Question

Prove the given trigonometric identity $\dfrac{{\sin A}}{{1 - \cos A}} = cosec A + \cot A$.

Answer 1

Hint: In L.H.S we are given one combination of trigonometric functions and just have to transform them. Try multiplying and dividing the L.H.S with the conjugate of denominator and apply basic math identity.
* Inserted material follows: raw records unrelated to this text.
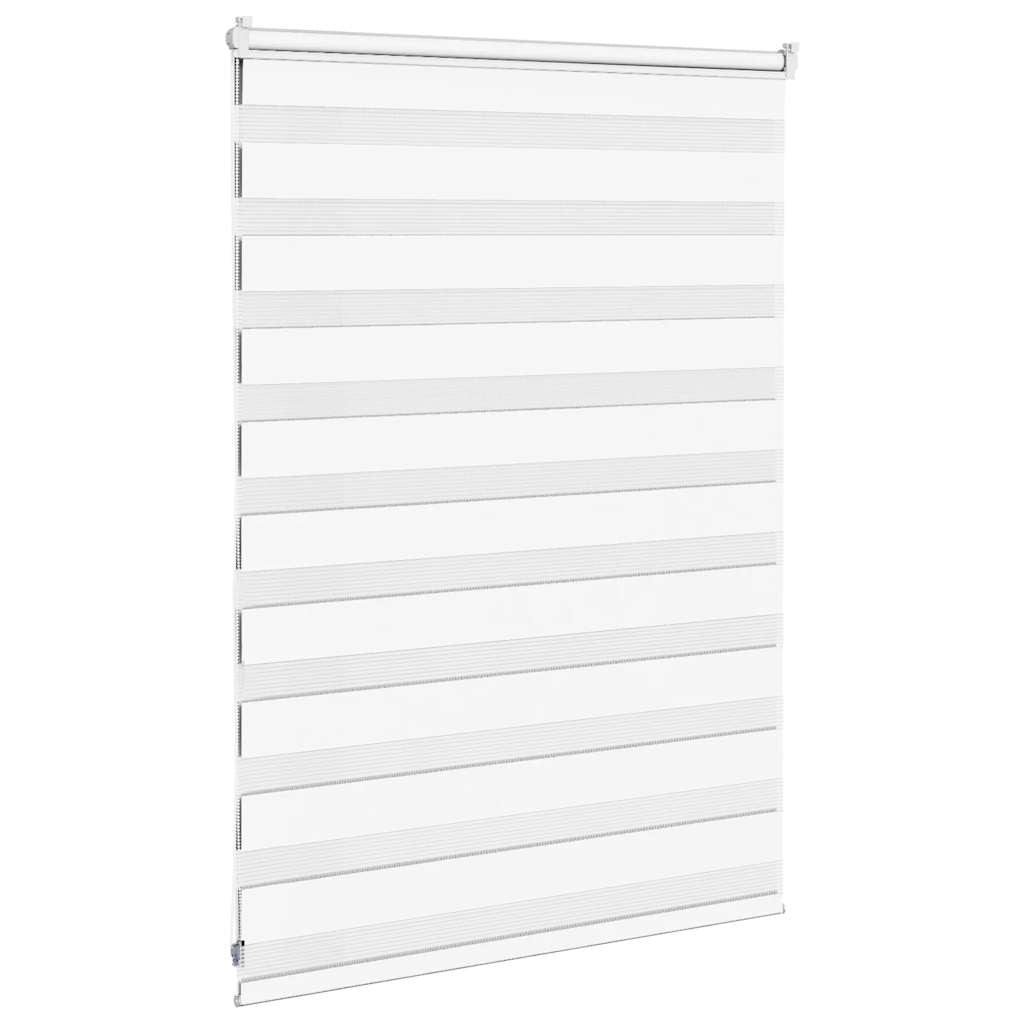 Doppelrollo Weiß 100x100 cm Stoffbreite 95,9 cm Polyester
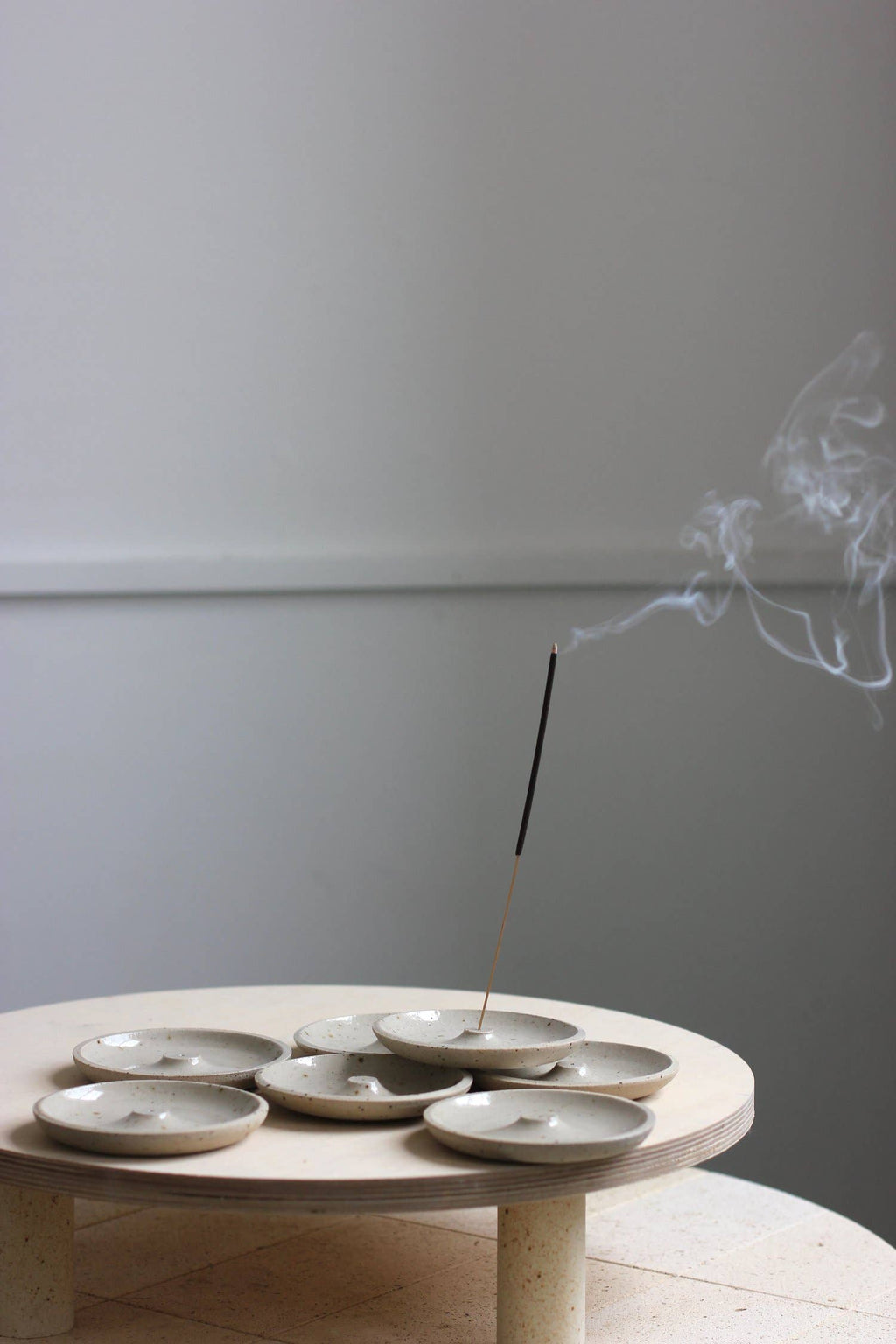 Stoneware Ceramic Incense Holder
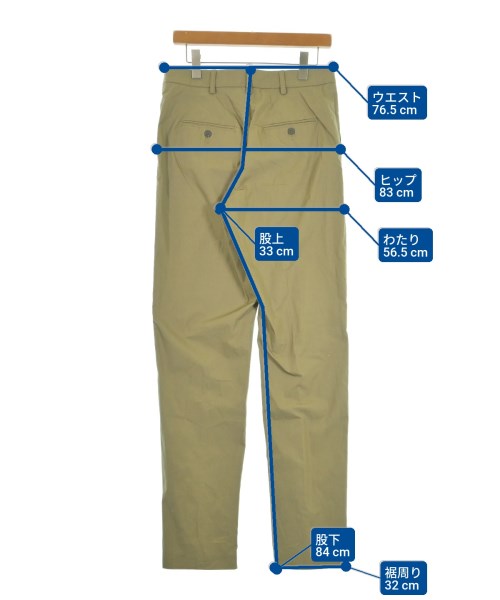 MAISON KITSUNE กางเกงขายาว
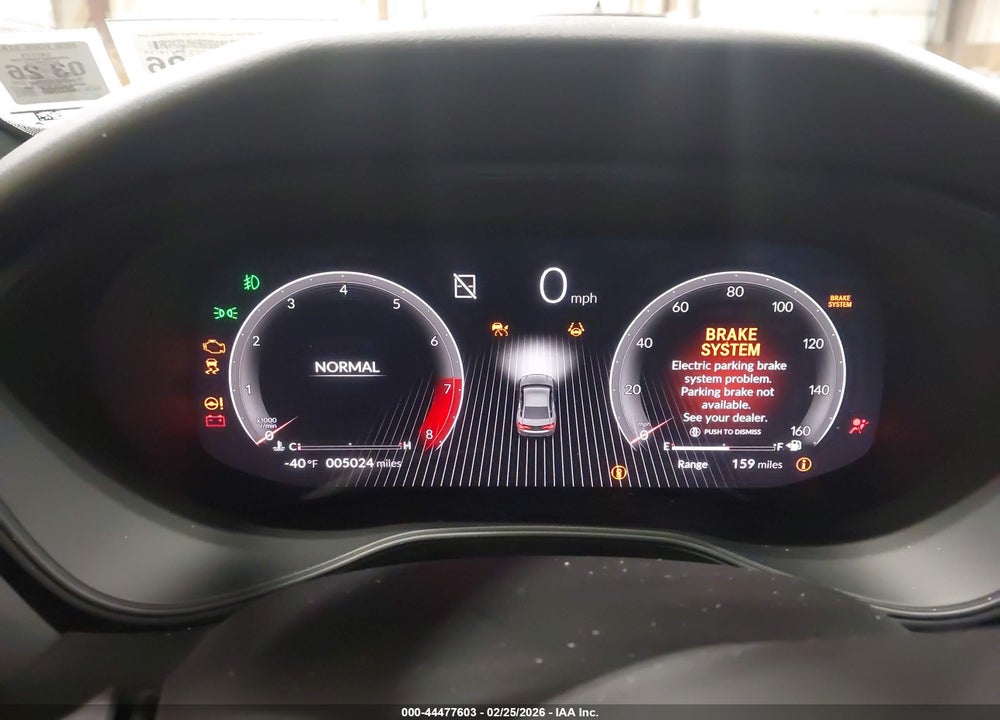 2025 ACURA TLX A-SPEC PACKAGE VIN: 19UUB6F51SA001335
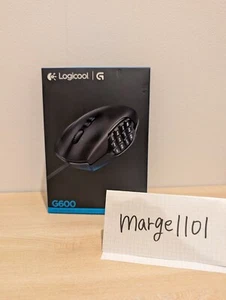 MMO Logitech G600t G600 Gaming Mouse 20 Button 250-8200DPI NEW from Japan - Picture 1 of 3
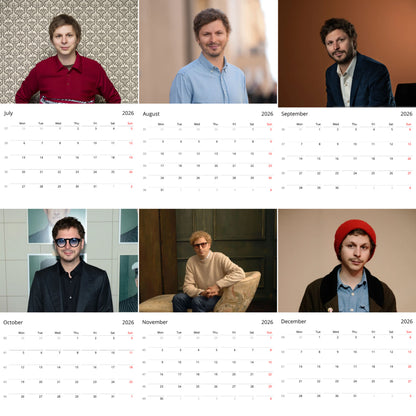 Michael Cera 2026 Wall Calendar – Premium Actor Calendar for Fans, Hollywood Star Gift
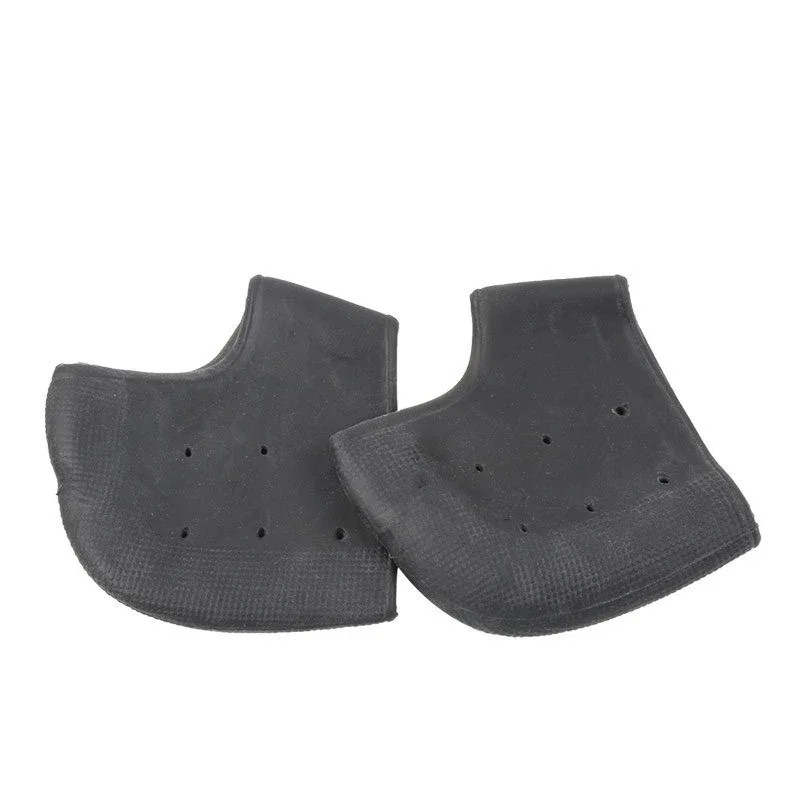 1 Pair Silicone Rubber Gel Socks Anti Cracking Liner Heel Socks Elastic Silicon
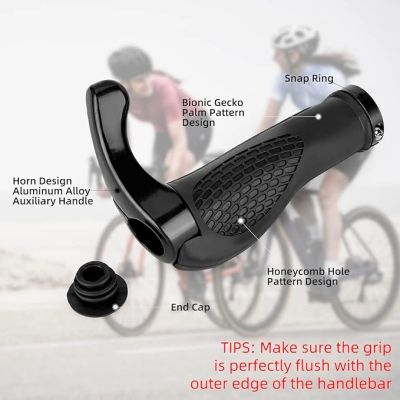 14. Rockbros BT1007B Fahrradhalter-Set mit Hupen – Schwarz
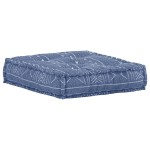 vidaXL Fotoliu puf modular, indigo, material textil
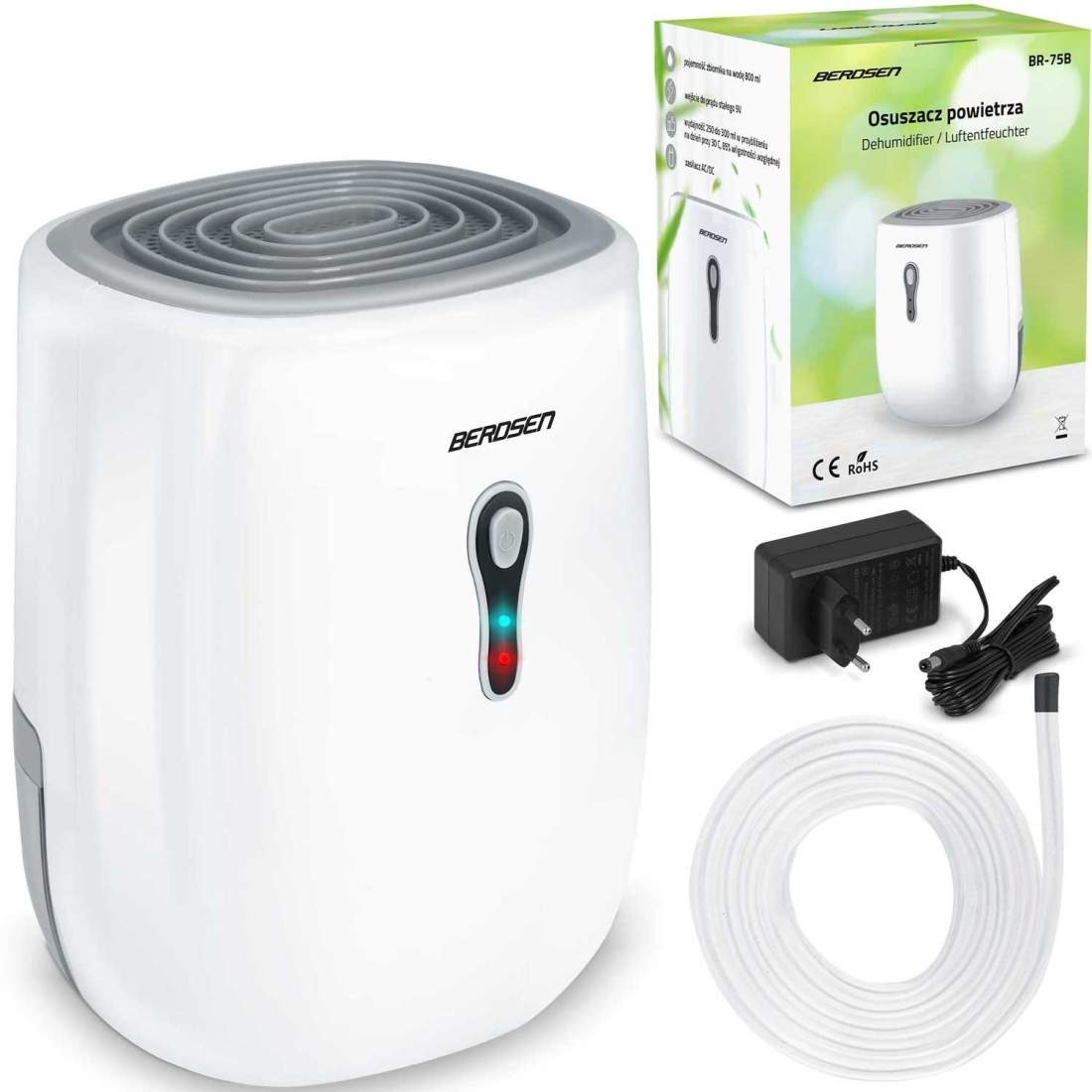 Luftavfuktare - Fuktabsorberare Berdsen BR-75B Vit | Hem & Hobby - Hem & Hushåll - Inomhusklimat | Pryloteket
Complete step-by-step answer:
L.H.S
$\dfrac{{\sin A}}{{1 - \cos A}}$
Multiply and divide by $(1 + \cos A)$
$\dfrac{{\sin A}}{{1 - \cos A}} \times \dfrac{{1 + \cos A}}{{1 + \cos A}} = \dfrac{{\sin A(1 + \cos A)}}{{1 - {{\cos }^2}A}}$
[using identity $(a + b)(a - b) = {a^2} - {b^2}$]
$
   = \dfrac{{\sin A(1 + \cos A)}}{{{{\sin }^2}A}}{\text{ [}}\because {\text{si}}{{\text{n}}^2}A + {\cos ^2}A = 1] \\
   = \dfrac{{1 + \cos A}}{{\sin A}} \\
   = \dfrac{1}{{\sin A}} + \dfrac{{\cos A}}{{\sin A}} \\
   = { \ cosec A } + \cot A{\text{ [}}\because \sin A = \dfrac{1}{{ \ cosec A }}{\text{ and }}\cot A = \dfrac{{\cos A}}{{\sin A}}] \\
$
 L.H.S = R.H.S
Hence proved.

Note: In such types of trigonometric problems what we have to do is to simply make L.H.S equal to R.H.S or vice-versa and one should also know the basic conversion of trigonometric ratios and should also have the knowledge of trigonometric identities.